O ensino do apóstolo é que a principal razão pela qual devemos viver uma vida de pureza e santificação é que somos “os chamados”, isto é, os que são separados de todos os outros foram transportados para uma nova posição.

É importante observar o ponto em que entra o chamamento, nesta questão da salvação. Devemos entender que o “chamamento” vem antes da justificação. Veja Romanos 8:28-30:

Sabemos que todas as coisas cooperam para o bem daqueles que amam a Deus, daqueles que são chamados segundo o seu propósito. Porquanto aos que de antemão conheceu, também os predestinou para serem conformes à imagem de seu Filho, a fim de que ele seja o primogênito entre muitos irmãos. E aos que predestinou, a esses também chamou; e aos que chamou, a esses também justificou; e aos que justificou, a esses também glorificou.

Predestinação, chamamento, justificação e, finalmente, glorificação! Significa que a salvação é resultado da poderosa ação do Espírito de Deus na alma, ação pela qual Ele introduz um novo princípio de vida e de ação, o qual nos capacita a crer. Somos chamados para “crer”. O nosso Senhor Jesus Cristo expressa isso claramente no Evangelho de João 6:44:

“Ninguém pode vir a mim se o Pai, que me enviou, não o trouxer; e eu o ressuscitarei no último dia.”

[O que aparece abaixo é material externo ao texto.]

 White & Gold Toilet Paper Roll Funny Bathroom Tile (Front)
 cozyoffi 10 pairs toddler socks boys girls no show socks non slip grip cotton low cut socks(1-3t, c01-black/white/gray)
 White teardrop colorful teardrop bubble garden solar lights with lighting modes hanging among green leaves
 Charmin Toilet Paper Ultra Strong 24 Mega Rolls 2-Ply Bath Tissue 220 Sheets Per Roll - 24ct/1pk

Há no “chamamento” poder que o traz; sem este ele não pode vir. Sejam dignos, diz ele, da vocação, do chamamento pelo qual vocês foram chamados. Temos que viver como quem compreende que fomos chamados por Deus para esta “vocação celestial”. Fomos chamados para esta “maravilhosa e elevada” vocação, e as nossas vidas devem combinar com a vocação e estar em conformidade com ela.

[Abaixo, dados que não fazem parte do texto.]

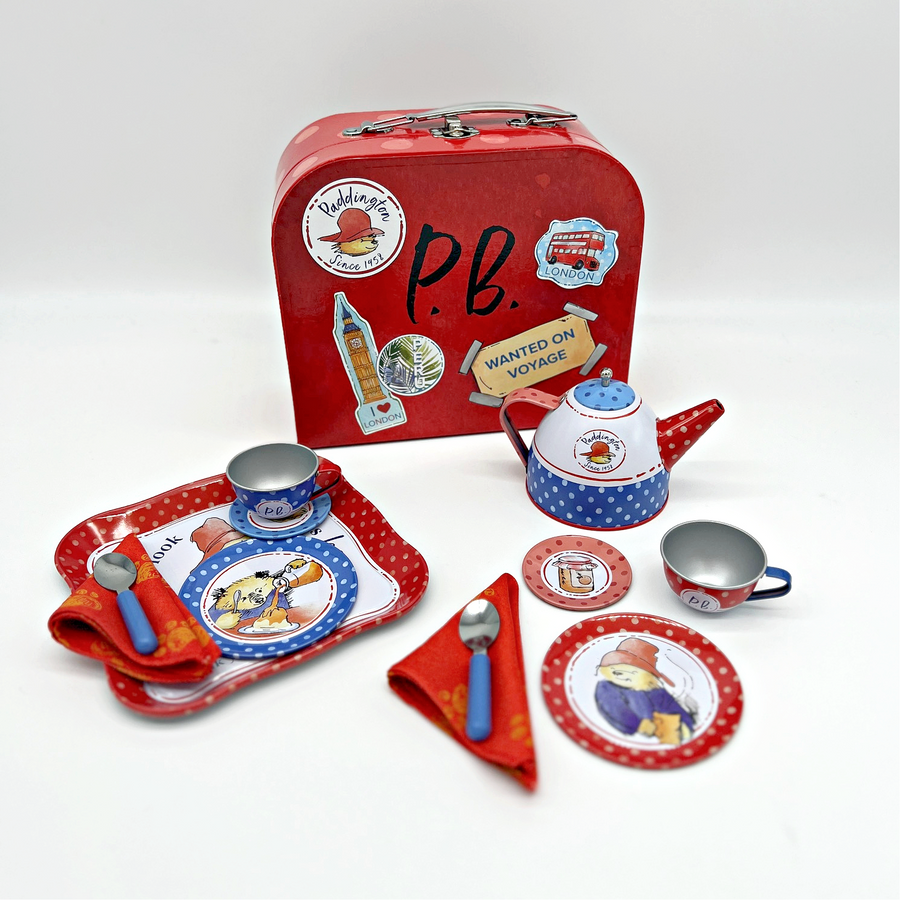 Paddington Bear tea set with red suitcase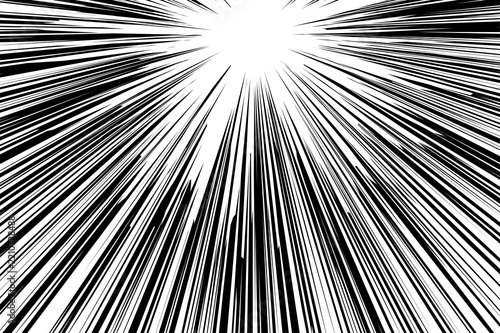 Intense downward manga speed lines effect, high-contrast black and white comic book action lines rushing straight down from the top toward the lower center, powerful falling motion.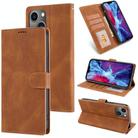 For iPhone 15 Plus / 14 Plus Fantasy Skin-feel Calfskin Texture Leather Phone Case(Brown) - 1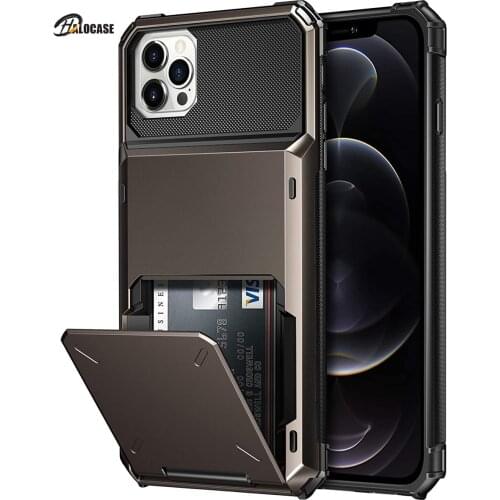 Business Armor Slide Wallet Card Slots Holder Cover for iPhone 12 Mini 12 11 Pro Max 7 8 Plus X XS Max SE 2020 Case Phone Cases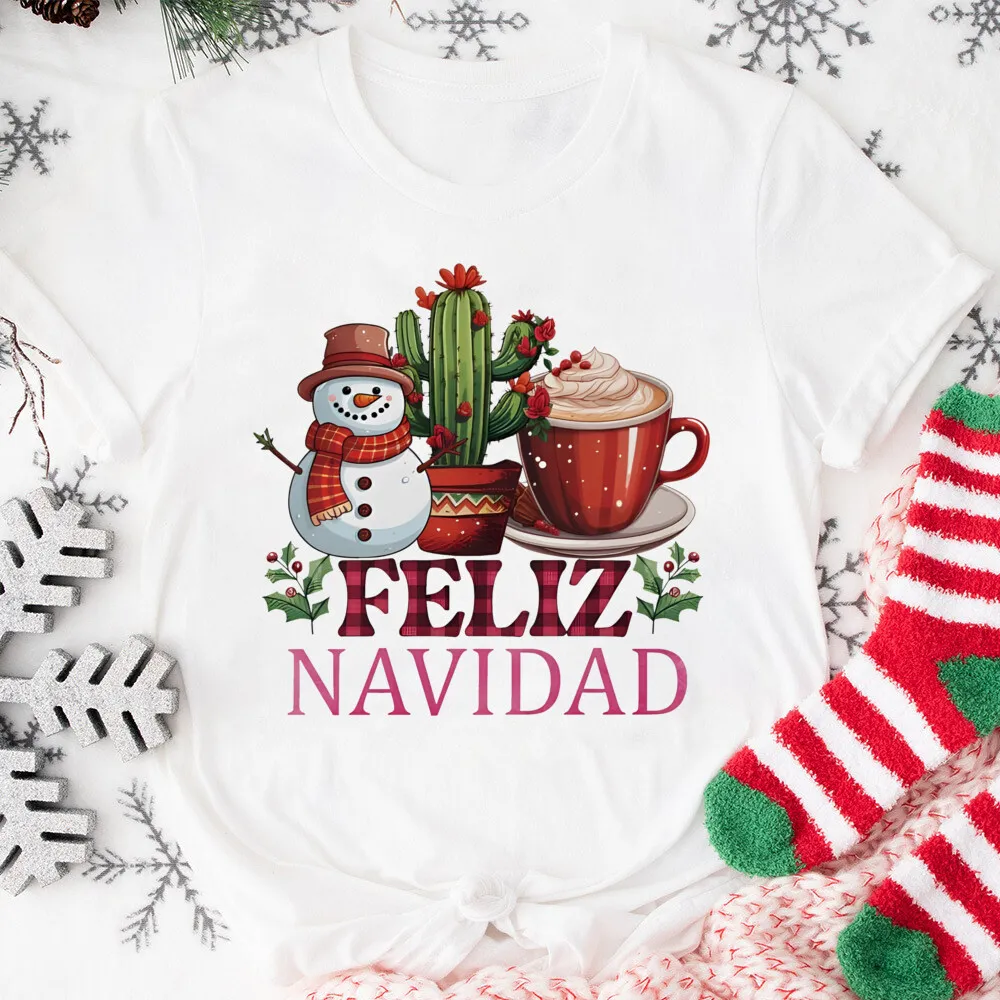 Feliz Natal das mulheres Camisa Estampada Espanhola, Outfit Tops, Camiseta de Manga Curta Feminina, Camiseta Retrô De Natal, Camiseta De Férias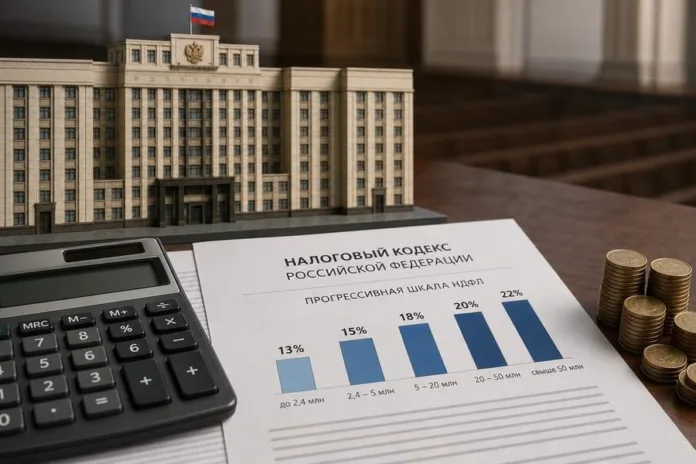 Макет здания с российским флагом стоит за листом с графиком ставок НДФЛ; рядом лежат калькулятор и стопки монет.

Relembremos o que o apóstolo já nos ensinou no capítulo 1:18, desta epístola:

“iluminados os olhos do vosso coração, para saberdes qual é a esperança do seu chamamento...”

Também devemos ter o cuidado de lembrar que esta é uma oração que Paulo faz em favor de cristãos. Ele está orando aqui por aqueles que já estão em "Cristo Jesus", que são co-herdeiros com os santos, e que já foram selados com o Espírito Santo. Nunca estaremos numa situação em que não teremos mais essa necessidade. Enquanto estivermos aqui, e cercados de fraquezas, e num mundo pecaminoso, tendo na ver­dade um princípio do pecado que ainda resta em nós, necessitare­mos desta operação iluminadora do Espírito Santo. Jamais poderemos ter feriado espiritual. Nunca poderemos viver de uma reserva que tenhamos acumulado.

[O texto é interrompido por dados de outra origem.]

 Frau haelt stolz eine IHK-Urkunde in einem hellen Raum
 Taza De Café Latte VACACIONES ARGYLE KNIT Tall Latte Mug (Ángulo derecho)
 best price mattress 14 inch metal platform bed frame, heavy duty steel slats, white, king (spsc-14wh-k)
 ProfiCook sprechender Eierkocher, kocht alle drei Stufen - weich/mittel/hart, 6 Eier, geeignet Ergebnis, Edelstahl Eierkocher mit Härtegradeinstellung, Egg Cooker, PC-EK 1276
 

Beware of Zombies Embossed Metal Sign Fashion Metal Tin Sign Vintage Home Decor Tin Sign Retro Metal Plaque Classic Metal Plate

Se não nos dermos conta da nossa dependência do Espíri­to Santo, a Palavra não nos falará; Se lermos a Palavra de Deus sem orar pedindo iluminação, provavelmente colheremos bem pouco dela; Jamais devemos apartar-nos da consciência desta dependên­cia do poder e da iluminação do Espírito. Não há nada que seja tão trágico quanto o tipo de cristão que dá a impressão de que "já chegou". Isso geralmente resulta de se pensar na vida cristã unicamente em termos da experiência do perdão, da santificação, etc. Isso faz a pessoa pensar que já "chegou", que terminou, que já tem tudo! Dizem-nos as Escrituras: "esquecendo-nos das coisas que atrás ficam" (Fp 3:13), prosseguimos avante como fez Paulo, sempre desejosos de aprender mais e conhecer mais. O constante desejo das nossas vidas deve ser que "cresçamos na gra­ça e no conhecimento do Senhor" (2 Pe 3:18). Porventura oramos dia após dia a Deus, ao Deus de nosso Senhor Jesus Cristo, o Pai da glória, rogando que ilumine os olhos do nosso entendimento? Essa deve ser a nossa oração constante e diária. Sempre devemos prefa­ciar a nossa leitura da Palavra, orando pela nossa iluminação.